Jan Dibbets

Studio Amsterdam, 21.03.2005

S. R.: Wir sind zu Gast im Studio von Jan Dibbets in Amsterdam, am 21. März 2005. First of all I want to ask you, shall we speak in English or do you prefer to speak in German?

J.D.: Well, you are German, so we can do it in German, but if you prefer English, no problem. But the problem is that if we do it in English, as my experience in a long, long time that in any programme where numbers of artists are questioned, that especially the American artists always come out much more intelligent than anybody else because they speak their natural language. They have a big advantage on everybody who tries to express himself, clumsy but as well as he can, and they do it naturally. We can do it in English, but we know already that the English people are ahead of us in expressing their meanings. So, let´s speak English, no problem, let’s try English, let’s say it that way.

S.R.: First of all I want to mention a work you did for the Gerry Schum video gallery. It was a TV as a fireplace. How did you come to this very important work?

J.D.: In the first place there was a lot of thinking around, and everybody was trying to escape from traditional ways of making art, traditional ways of expressing yourself in art; this was a big issue. Everybody, every serious artist was digging for gold; it’s almost forgotten right now, but photography didn’t exist in the art, it was something hated; video was a new medium, but in art it didn’t exist. But nevertheless, anything which didn’t exist in the art was interesting for the artist, that was very important. So, trying to imagine what a video could be brought me to the point that actually it expresses something which is not there, and that brought me to the fireplace and the TV as a fireplace for everybody, sitting at the TV. The TV was there but the fireplace was missing. So, this was a good combination.

S.R.: And it was a big chance that it was broadcasted in German Television.

J.D.: Well, because of the craziness of the ideas there was also a sort of openness for the conservative media. They had no idea what they were broadcasting actually, but they were willing to do it because they felt that there was something serious behind it but they couldn’t have it. I think today it would be impossible to try to sell something like that to the TV, because they would say „go away, there’s too much of it“. But at that time it didn’t exist, that’s the difference.

S.R.: Let’s switch to another important exhibition, “Audiovisuelle Dokumentation” im Haus Lange, 1970 – if I researched it right you had a whole different field of works there. But once you said in an interview it’s not the point of the documentation alone. What did you mean with that?

J.D.: These works were, they are completely unknown by now, nobody knows where they were, except the Perspective Corrections. But all the pieces with sound, the sound of driving a car, the maps on the wall, or the kilometres, you could hear and see at the same time the voice of myself in every room saying „this is an exhibition by Jan Dibbets“. All these things, they were meant to destabilize the idea of what an exhibition was, and the danger there was that everybody thought that the exhibition existed by the documentation, and that’s not true. I mean I thought it was a very moving and overwhelming and a rich exhibition, people thought it was an extremely poor… they didn’t feel well in the exhibition, that was clear. But I think that every time when something new comes up, that is the normal reaction of people, so and I think there we went in a way, and that’s what I wanted in the extreme. I thought it was quite a good exhibition for that time.

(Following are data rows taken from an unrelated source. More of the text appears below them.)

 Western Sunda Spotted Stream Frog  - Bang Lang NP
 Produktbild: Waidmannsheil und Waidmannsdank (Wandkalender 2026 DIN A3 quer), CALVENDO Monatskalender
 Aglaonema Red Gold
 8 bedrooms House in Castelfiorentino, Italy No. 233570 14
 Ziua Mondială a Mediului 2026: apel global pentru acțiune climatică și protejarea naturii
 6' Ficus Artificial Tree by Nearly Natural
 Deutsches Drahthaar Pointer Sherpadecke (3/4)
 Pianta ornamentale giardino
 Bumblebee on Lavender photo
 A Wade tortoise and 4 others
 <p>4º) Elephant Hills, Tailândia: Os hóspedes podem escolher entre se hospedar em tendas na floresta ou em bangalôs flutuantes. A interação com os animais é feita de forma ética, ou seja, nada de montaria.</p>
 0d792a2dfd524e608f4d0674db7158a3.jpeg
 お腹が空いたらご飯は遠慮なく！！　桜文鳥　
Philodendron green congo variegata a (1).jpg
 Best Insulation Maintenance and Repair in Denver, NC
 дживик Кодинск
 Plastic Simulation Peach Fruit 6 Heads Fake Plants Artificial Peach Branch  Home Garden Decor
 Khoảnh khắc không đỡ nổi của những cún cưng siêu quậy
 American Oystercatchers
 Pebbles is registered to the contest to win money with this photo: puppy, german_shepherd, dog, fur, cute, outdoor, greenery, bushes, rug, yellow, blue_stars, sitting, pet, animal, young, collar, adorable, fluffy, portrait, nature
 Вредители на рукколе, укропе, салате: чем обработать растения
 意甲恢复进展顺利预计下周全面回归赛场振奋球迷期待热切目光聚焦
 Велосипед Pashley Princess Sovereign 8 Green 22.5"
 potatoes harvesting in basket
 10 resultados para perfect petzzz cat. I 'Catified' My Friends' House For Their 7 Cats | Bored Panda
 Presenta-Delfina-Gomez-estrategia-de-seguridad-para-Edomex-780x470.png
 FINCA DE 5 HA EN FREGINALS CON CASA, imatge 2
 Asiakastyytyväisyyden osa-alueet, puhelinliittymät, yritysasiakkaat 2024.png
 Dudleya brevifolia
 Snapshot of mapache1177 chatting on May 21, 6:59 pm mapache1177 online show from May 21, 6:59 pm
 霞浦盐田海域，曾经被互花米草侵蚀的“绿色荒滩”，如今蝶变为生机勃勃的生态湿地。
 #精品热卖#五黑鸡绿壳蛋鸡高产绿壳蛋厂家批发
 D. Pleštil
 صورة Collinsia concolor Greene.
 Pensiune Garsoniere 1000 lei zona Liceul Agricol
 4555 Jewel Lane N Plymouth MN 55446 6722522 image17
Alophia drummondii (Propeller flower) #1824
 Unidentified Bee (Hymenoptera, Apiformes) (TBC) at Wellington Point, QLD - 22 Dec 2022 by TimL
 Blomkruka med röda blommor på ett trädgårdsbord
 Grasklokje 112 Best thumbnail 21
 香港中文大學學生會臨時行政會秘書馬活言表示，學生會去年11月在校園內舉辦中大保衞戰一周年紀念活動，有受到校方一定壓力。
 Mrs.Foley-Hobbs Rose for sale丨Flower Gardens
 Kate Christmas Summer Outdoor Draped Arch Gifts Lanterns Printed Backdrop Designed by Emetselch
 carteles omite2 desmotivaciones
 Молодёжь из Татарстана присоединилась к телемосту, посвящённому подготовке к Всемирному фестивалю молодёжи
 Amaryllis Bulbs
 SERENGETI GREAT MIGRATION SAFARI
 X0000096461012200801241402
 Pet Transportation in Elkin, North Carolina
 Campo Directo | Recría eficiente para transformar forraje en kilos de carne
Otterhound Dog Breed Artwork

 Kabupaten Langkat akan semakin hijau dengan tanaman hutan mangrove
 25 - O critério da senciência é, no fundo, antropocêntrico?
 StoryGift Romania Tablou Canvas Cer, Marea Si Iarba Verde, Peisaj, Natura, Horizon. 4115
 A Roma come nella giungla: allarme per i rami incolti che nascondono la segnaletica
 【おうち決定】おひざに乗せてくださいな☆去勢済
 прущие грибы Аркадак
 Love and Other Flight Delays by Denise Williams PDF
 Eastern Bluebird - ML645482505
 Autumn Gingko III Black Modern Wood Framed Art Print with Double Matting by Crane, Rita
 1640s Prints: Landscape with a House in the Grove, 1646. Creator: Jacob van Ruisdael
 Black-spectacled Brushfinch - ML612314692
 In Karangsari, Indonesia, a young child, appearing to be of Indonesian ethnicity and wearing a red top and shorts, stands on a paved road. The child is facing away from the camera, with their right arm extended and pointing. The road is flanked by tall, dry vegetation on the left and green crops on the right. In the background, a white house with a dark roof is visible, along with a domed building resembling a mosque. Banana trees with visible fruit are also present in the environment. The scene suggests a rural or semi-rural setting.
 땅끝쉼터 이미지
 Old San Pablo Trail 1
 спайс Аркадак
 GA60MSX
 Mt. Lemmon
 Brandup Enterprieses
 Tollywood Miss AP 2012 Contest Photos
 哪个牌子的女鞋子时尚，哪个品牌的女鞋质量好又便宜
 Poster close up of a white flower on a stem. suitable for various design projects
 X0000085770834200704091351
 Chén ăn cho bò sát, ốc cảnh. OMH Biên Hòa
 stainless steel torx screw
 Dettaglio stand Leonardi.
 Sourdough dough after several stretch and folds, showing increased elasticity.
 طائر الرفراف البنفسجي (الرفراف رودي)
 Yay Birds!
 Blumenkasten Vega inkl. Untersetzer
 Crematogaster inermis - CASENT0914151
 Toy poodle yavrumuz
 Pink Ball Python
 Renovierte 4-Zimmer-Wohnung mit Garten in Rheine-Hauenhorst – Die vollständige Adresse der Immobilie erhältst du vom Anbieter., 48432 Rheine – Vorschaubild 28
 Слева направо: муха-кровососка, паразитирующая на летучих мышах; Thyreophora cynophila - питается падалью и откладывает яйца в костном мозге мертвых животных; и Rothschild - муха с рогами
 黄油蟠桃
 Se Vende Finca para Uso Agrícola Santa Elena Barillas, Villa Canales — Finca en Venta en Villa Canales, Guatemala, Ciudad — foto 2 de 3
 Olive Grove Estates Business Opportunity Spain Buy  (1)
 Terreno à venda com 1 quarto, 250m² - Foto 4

S.R.: You focus in your work very strongly on a critique of visual representation, you work with a critique of visual representation, or you are asking the issue of visual representation?

J.D.: Well, this was from the beginning my uncomfortable feeling with Conceptual art, the iron idea as an idea. And I thought an artist has a responsibility to visualize his ideas; and there was the split in two worlds; it’s the European idea and the American idea. I have been always, all my life, against the idea that the artist would not take the responsibility – like Lawrence Weiner says, can do, or not can do. No, you have to decide and to say, it’s like this and no other way. I think this was an extremely important issue in ’69, 1970, ’71, and I always carried the idea with me that I was the one who should take the responsibility for the representation of the idea: should it be rich or should it be poor, should it be precise or should it be less precise, should it be interpreted by somebody else or should it be absolutely correctly be presented the way it should be, the way I want it to be, and that‘s a big difference, there is an enormous difference.

S.R.: So, if I see it right this is a kind of critique of the mainstream reception of Conceptual art.

J.D.: I think there’s complete silly the way it was received. There was a mainstream one idea. You know I can explain it in a much more interesting way, and then it’s totally clear. At a certain moment the very important exhibition by Konrad Fischer in Germany in a museum, it was called “Concept Art”, the first Concept art exhibition made. The issue was that a lot of peopleI will not mention the namesbut a lot of the artists only wanted to have written text, no pictures, then had moved to written text maybe something in black and white but it should be actually no pictures, it should be text. So I said to Konrad, I only participate if I get a colour reproduction in the catalogue. He said: „I can’t do that, this is totally against the idea“. I said, I know, but that’s the reason I ask because I’m against the idea, and I participate in it if I can express my idea against this idea. And he said: „Yes, you are absolutely right; you get a colour photograph from the sea“, we decided what it should be, or rather I told him, I proposed him what I wanted. I do it but I don’t print it in, I glued it all by hand in it because so nobody knows that we are doing a colour photograph, otherwise we get a big problem. By the time they hear that there should be a photograph of mine and they all wanted photographs. So, there you see how fundamental this idea was that everything should only be text. If you look back to it, it’s totally ridiculous that they said so, and I was not the ridiculous one, but I was the hated one because I wanted to have a colour photograph. I wanted to express myself the way I wanted and not by a prescription by somebody who says, Conceptual art should be like this. And again, there we go. I never felt comfortable with that idea of Conceptual art. It’s not true.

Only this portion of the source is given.